In April, Bellamy was invited to attend Innovation Generation, a policy summit in Washington, D.C., whose guest list featured industry leaders, federal representatives and other mayors, touting broadband's importance in leveling the field in education, technology and industry. Cheaper than laying new cables and other infrastructure, it also has a broader reach.
That means it can help "make sure our children are computer-literate, have access and keep us competitive in education," notes Bellamy.
Expanded access can help close the "digital divide" hurting lower-income people, says Jennifer Mayer, co-owner of Charlotte Street Computers, and high-speed wireless (such as 3G broadband) would be the quickest way to get it done.
Mayer, who's working on the mayor's re-election campaign, is also part of a push to place more computers in Asheville's community centers. Championing broadband, she maintains, opens the door to improved education and communication in Asheville while making it a more attractive location for businesses.
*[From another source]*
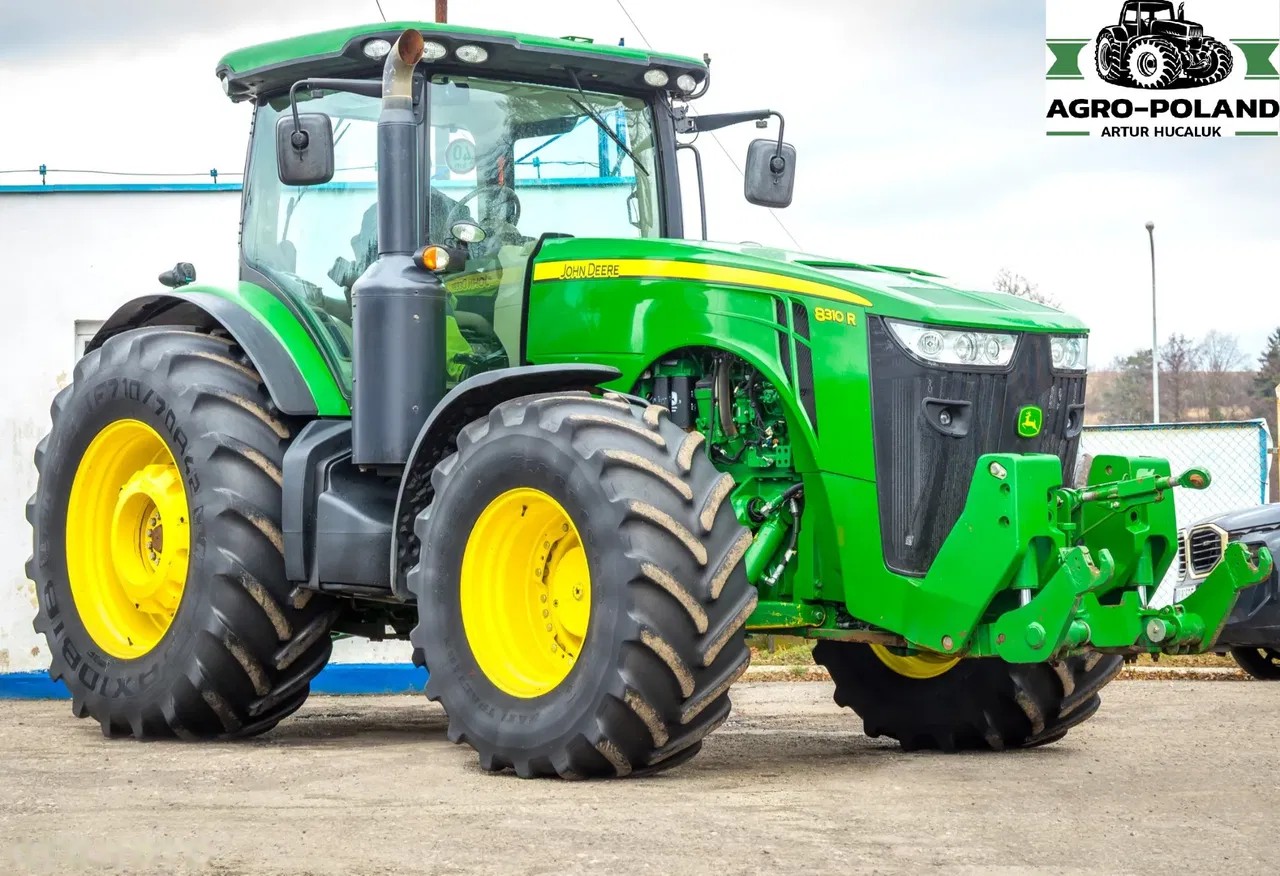 2012 John Deere 8310, dovoz Skladem v EU — foto 2 z 8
Bellamy and Mayer aren't the only ones hitting D.C. on the broadband circuit. Mountain Area Information Network founder Wally Bowen was also in the nation's capital, emphasizing broadband access at a Media and Democracy Coalition meeting. Right now, he says, Asheville's access is "pretty dismal," though the prospects for change seem promising.
"There's a new FCC and a new administration," notes Bowen. "We have the opportunity to draft a new broadband policy."